Picks and Pans Review: Beethoven: Sonatas Nos. 4 and 11
updated 06/13/1983 AT 01:00 AM EDT
•originally published 06/13/1983 AT 01:00 AM EDT
The deepest well in the bedrock of piano music is Beethoven's set of 32 sonatas. Of the three esteemed pianists who have recently drawn from it, Emil Gilels might be called the most objective player. There are no untoward passions released in his rendition of the exhilarating Sonata No. 18. In the opening movement, he measures carefully, playing down the contrasts, and avoids exploding the three descending bass notes that demarcate the first theme and the second. Gilels stresses elegance, clarity, fineness. At first hearing he may sound too cool, but within his apparently compressed spectrum he achieves a subtle range of shading and a captivating fluidity that beckon one back for repeated listens.
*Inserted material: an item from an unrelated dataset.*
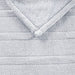 Fleece to Sherpa - Heated Throw Extra Comfort - Light Gray - Simple Home Plus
From the first lyrical bars to the sudden upward rush of massed chords that climaxes the opening of the famous Appassionata sonata, Russell Sherman signals his vigor and irresistible drive. The onrushing last movement is a marvel in his sure hands, full of vertiginous peaks all the way to the madly swirling final climax. Liszt once described the pivotal middle movement as "a flower between precipices," and Sherman possesses the delicacy to make it bloom, though other pianists have made the blooming a bit more sublime. Thirty-six-year-old Murray Perahia grew up in the Bronx, but the cheer his art deserves is not of the Bronx kind. His tone is vibrant, colorful, crisp from top to bottom. His playing is both authoritative and relaxed, with a strong sense of nuance and narrative. He is also a gifted writer of prose. In his liner notes, he describes the Adagio of the Sonata No. 11 as exuding "enormous dignity and noble power, as when a large and powerful man speaks very softly and gently, not out of fear but because he attracts attention with the force of his personality rather than the force of his voice."